In the last three years since 2016, the Department of Public Lands has processed 630 homestead program applications on Saipan alone. That means that, as of last month, the 2,923 homestead applicants on Saipan since 2016 has been reduced to 2,293, according to Public Lands Secretary Marianne Concepcion-Teregeyo.
In a presentation last week at the Rotary Club of Saipan meeting at the Hyatt Regency Saipan, Concepcion-Teregeyo said that DPL is also active in reviewing current homesteads and revoking homestead permits that have been awarded 15 years or more ago and no home has been built on the lot—one of the requirements.
Homesteaders with structural damage on their house due to a storm are given extra time. “We go out and take photos of what the property looks like, and also after the storm. We have our own documents to indicate where we are at structure-wise before we revoke them,” Teregeyo said.
DPL issues warning notices to applicants before homesteads are revoked. When a homestead lot is revoked, homesteaders can appeal the revocation at the DPL hearing office.

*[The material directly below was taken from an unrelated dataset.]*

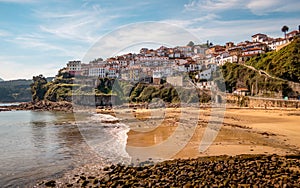 Scenic view of the Lastres sandy shore in Asturies, Spain photo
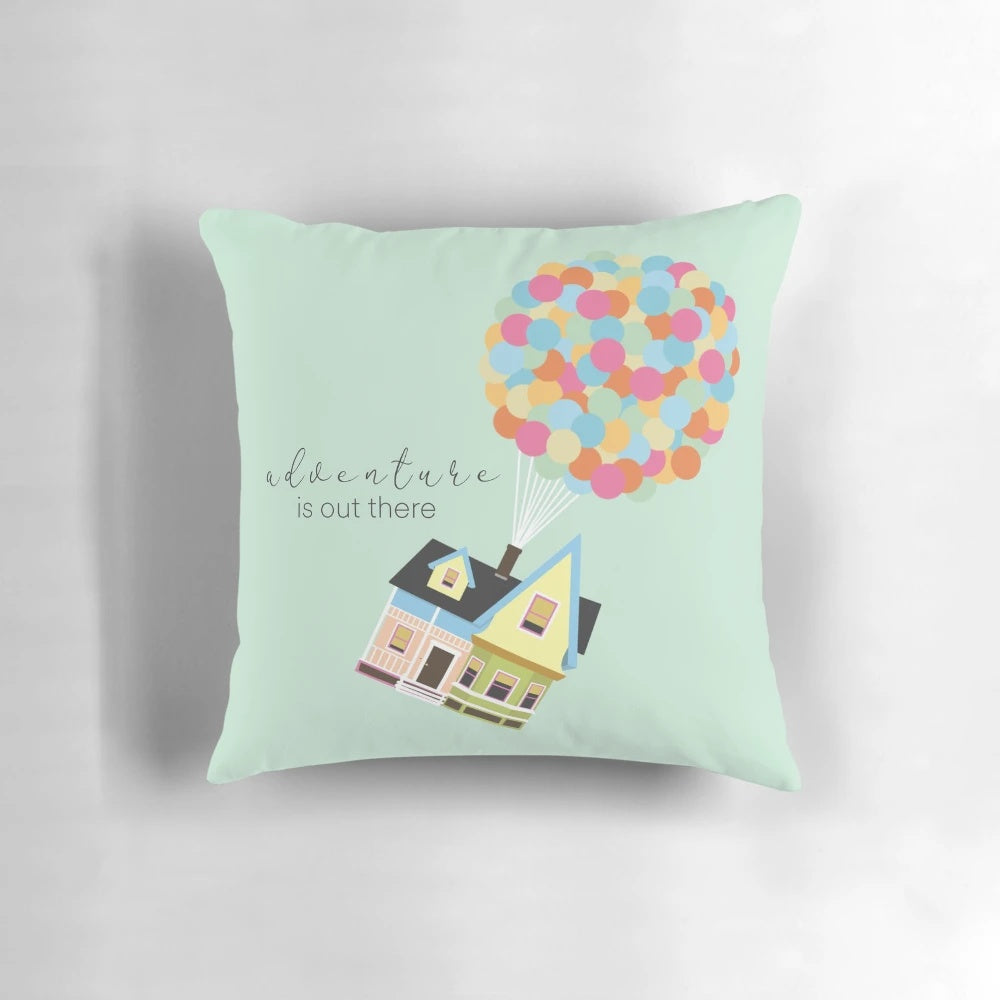 Whimsical "Up" inspired pillow featuring colorful balloons, perfect for wanderlust and Pixar fans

The goal of the homestead program is to give land to those of Northern Marianas descent. Homesteaders pay a $50 permit and have to build a house on the lot within three years. The size and structure of the home does not matter, as long as there is a functioning restroom and a functioning kitchen.
DPL’s Homestead Division is one of the mandates of the CNMI Constitution. DPL is required to dispose of public lands which include the issuance of village and agricultural homesteads.
The DPL no longer issues agricultural homesteads in Saipan, but still does so in Tinian and Rota, and recently, on the island of Pagan.